### Prompt
Print the whole listing again exactly, keeping no pictures in it.

•••

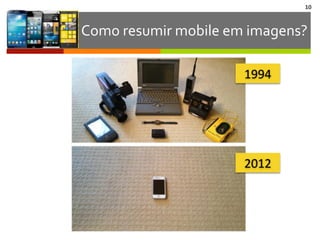 Como	
  resumir	
  mobile	
  em	
  imagens?
10
1994
2012
 
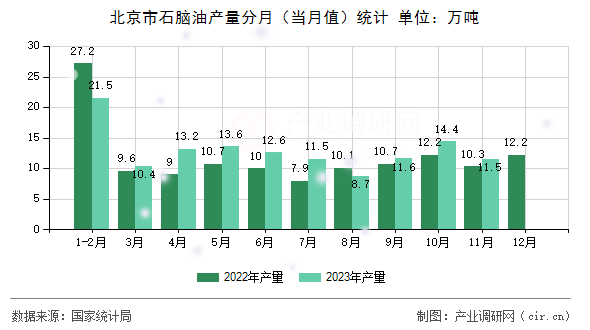 北京市石腦油產(chǎn)量分月（當月值）統(tǒng)計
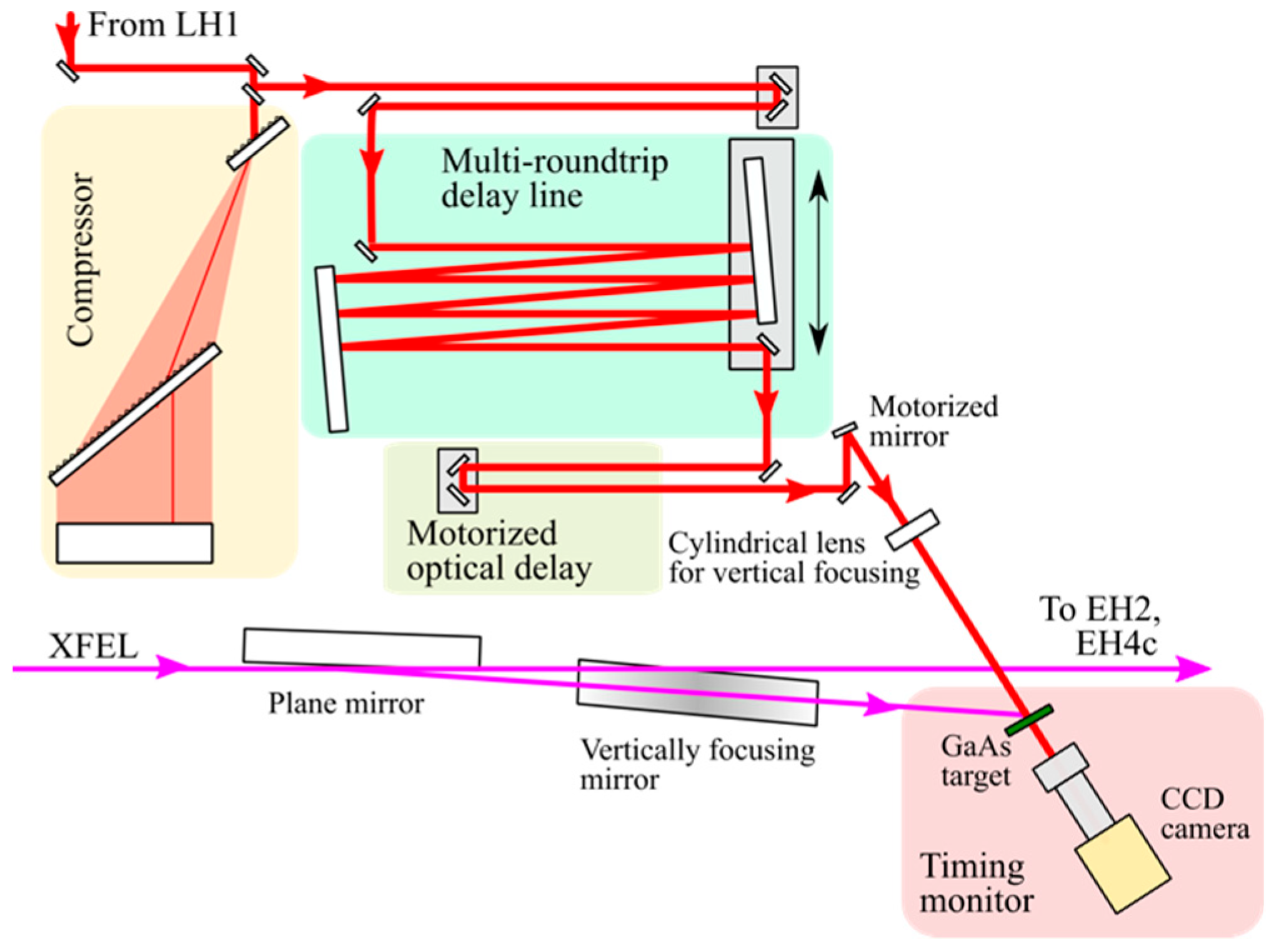 Applsci 10 07934 g014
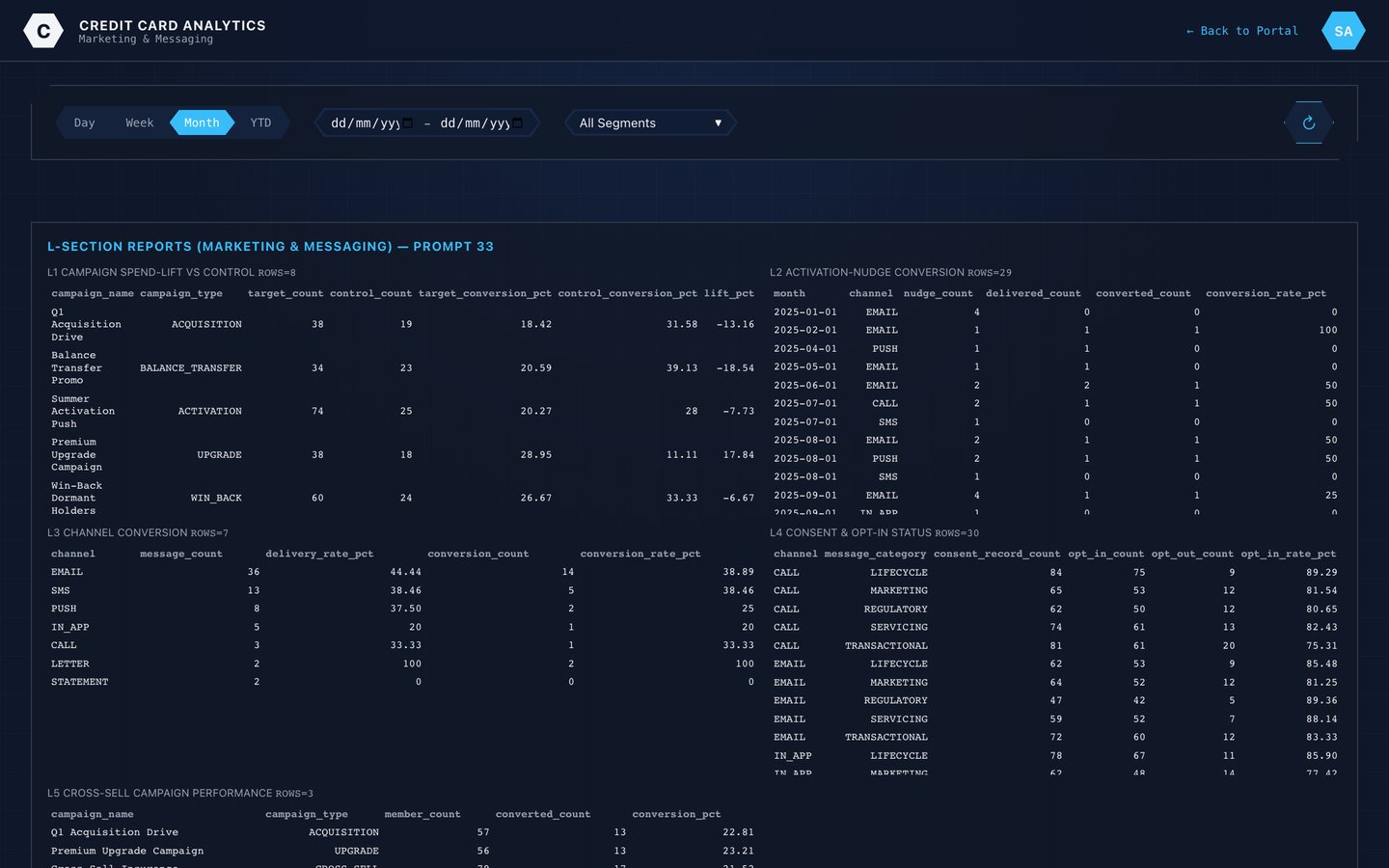 Marketing campaign performance dashboard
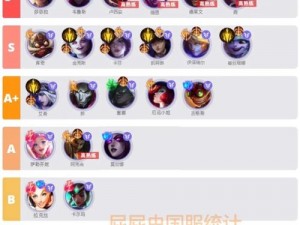 关于英雄联盟lol6300英雄的选择，这些英雄表现优异值得推荐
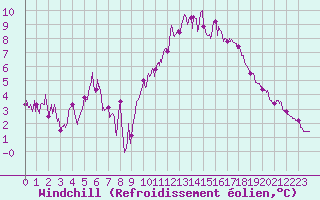 Courbe du refroidissement olien pour Rochefort Saint-Agnant (17)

•••

### Task solution
 Como	
  resumir	
  mobile	
  em	
  imagens?
10
1994
2012
 
 北京市石腦油產(chǎn)量分月（當月值）統(tǒng)計
 Applsci 10 07934 g014
 Marketing campaign performance dashboard
 关于英雄联盟lol6300英雄的选择，这些英雄表现优异值得推荐
 Courbe du refroidissement olien pour Rochefort Saint-Agnant (17)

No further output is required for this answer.